Velocity Reviews > Why does this work? (rot13 function)

# Why does this work? (rot13 function)

Eirik
Guest
Posts: n/a

 12-16-2003
This is a little function I wrote, inspired by the thread
"Urgent HELP! required for Caesar Cipher PLEASE"

\$ cat /home/keisar/bin/c/ymse/rot13.h

char rot13(char character)
{
int changed;
changed = character - 'a' + 'n';
return changed;
}

1) I don't have to specify that b should be replaced by n,
c by o and so on. How come?
2) The function returns a char(char rot13), but changed
is an integer. How is that possible?

Joona I Palaste
Guest
Posts: n/a

 12-16-2003
Eirik <(E-Mail Removed)> scribbled the following:
> This is a little function I wrote, inspired by the thread
> "Urgent HELP! required for Caesar Cipher PLEASE"

> \$ cat /home/keisar/bin/c/ymse/rot13.h

> char rot13(char character)
> {
> int changed;
> changed = character - 'a' + 'n';
> return changed;
> }

> 1) I don't have to specify that b should be replaced by n,
> c by o and so on. How come?

Actually, if we're strict about the C standard, you DO have to
specify that b should be replaced by n and so on. You happen to be
using a character set where 'a'...'z' are contiguous, but the C
standard allows for other character sets.
Provided 'a'...'z' are contiguous, the above code works, because
chars are just integer types in C.

> 2) The function returns a char(char rot13), but changed
> is an integer. How is that possible?

Because chars are integer types. Unlike Pascal, C does not require
conversion functions between characters and their numeric values,
but treats them as interchangable by themselves.

--
/-- Joona Palaste ((E-Mail Removed)) ------------- Finland --------\
\-- http://www.helsinki.fi/~palaste --------------------- rules! --------/
"Show me a good mouser and I'll show you a cat with bad breath."
- Garfield

Hallvard B Furuseth
Guest
Posts: n/a

 12-16-2003
Eirik wrote:

> This is a little function I wrote, inspired by the thread
> "Urgent HELP! required for Caesar Cipher PLEASE"
>
> \$ cat /home/keisar/bin/c/ymse/rot13.h
>
> char rot13(char character)
> {
> int changed;
> changed = character - 'a' + 'n';
> return changed;
> }

See Joona's reply. Except, it only works for characters a-m and A-M.
It gives the wrong result for n-z and N-Z. Try this:

#include <ctype.h>

char rot13(char character)
{
int changed;
if (tolower((unsigned char)character) >= 'n')
changed = character - 'n' + 'a';
else
changed = character + 'n' - 'a';
return changed;
}

Still only works for some character sets, of course.
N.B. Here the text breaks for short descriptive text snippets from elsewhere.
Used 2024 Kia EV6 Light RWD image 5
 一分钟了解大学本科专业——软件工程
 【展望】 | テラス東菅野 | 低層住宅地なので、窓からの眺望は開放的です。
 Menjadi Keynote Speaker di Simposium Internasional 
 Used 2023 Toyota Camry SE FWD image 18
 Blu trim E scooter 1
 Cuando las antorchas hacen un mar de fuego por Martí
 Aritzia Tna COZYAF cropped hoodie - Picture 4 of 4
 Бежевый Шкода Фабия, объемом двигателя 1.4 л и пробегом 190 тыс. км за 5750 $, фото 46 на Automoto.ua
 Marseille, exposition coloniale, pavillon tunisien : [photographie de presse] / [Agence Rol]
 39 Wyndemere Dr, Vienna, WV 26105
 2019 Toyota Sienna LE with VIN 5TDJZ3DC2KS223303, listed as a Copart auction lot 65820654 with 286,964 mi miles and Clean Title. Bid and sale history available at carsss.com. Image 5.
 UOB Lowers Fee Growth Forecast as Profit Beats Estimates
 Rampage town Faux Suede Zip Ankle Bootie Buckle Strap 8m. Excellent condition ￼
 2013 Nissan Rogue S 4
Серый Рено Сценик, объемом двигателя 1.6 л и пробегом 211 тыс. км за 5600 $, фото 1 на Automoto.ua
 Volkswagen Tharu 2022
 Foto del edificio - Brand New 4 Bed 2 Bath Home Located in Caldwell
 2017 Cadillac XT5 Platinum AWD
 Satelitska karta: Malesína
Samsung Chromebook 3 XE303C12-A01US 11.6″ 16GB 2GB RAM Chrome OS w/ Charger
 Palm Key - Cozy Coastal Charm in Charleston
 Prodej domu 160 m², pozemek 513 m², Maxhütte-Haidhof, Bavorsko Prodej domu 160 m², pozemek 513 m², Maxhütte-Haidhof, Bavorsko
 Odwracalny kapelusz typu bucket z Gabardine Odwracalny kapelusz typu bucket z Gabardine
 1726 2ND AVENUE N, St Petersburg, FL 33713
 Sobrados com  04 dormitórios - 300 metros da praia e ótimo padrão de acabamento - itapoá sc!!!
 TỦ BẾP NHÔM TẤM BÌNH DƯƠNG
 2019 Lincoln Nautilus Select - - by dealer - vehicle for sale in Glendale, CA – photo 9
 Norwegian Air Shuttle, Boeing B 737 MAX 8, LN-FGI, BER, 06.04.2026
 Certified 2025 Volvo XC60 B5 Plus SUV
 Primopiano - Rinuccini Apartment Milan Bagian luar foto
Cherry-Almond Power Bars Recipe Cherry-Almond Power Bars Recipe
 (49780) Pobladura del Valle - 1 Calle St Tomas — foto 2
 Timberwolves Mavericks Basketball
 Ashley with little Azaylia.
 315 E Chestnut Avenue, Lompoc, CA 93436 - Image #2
The argument to tolower() is cast to unsigned char because a 'char'
can be negative, while tolower() & co expect characters to be in
the range of 'unsigned char'.

--
Hallvard

Arthur J. O'Dwyer
Guest
Posts: n/a

 12-16-2003

On Tue, 16 Dec 2003, Eirik wrote:
>
> This is a little function I wrote, inspired by the thread
> "Urgent HELP! required for Caesar Cipher PLEASE"
>
> \$ cat /home/keisar/bin/c/ymse/rot13.h

Something nobody else has pointed out yet: Executable code
like the function below should *not* be in a header file (ending
with ".h", as you have above). It should be in a separate
translation unit, in a source file ending with ".c", and you
should learn how to use your compiler to compile projects
consisting of multiple ".c" source files.
<OT> Using gcc, it's easy:
% gcc -W -Wall -ansi -pedantic -O2 mainfile.c rot13.c
(and any other source files in the project). All the options
are only there to catch mistakes in your code; if you write
perfect code, you don't need them. [In other words, you
*do* need them. Always.]
</OT>

> char rot13(char character)
> {
> int changed;
> changed = character - 'a' + 'n';
> return changed;
> }
>
> 1) I don't have to specify that b should be replaced by n,
> c by o and so on. How come?

Because your system, like most systems in the world today,
uses ASCII to represent characters. Part of the ASCII character
table looks like this:

"...]^_`abcdefghijklmnopqrstuvwxyz{|}..."

See how all the lowercase letters are packed together, in order?
That's why your code works (do the math yourself as to why it
converts 'b' to 'o').
As Joona notes, all your code is doing is adding 'n'-'a', or 13
(assuming ASCII), to the character it receives. Which is why it
fails miserably to convert 'o' to 'b', or 'z' to 'a'.
Your code won't work on some other real-life systems out there,
and it might even cause demons to fly out of your nose on the
Death Station 9000. (Google for it.) So it's not really the
best way to do it if you're writing code that's supposed to work
everywhere.

> 2) The function returns a char(char rot13), but changed
> is an integer. How is that possible?

You wrote 'int' instead of 'char', that's how. In C,
characters are treated just like little integers, so you can
do arithmetic on them, as you've already figured out. And of
course you can assign 'char' to 'int' and vice versa, because
that just involves narrowing or widening the integers involved.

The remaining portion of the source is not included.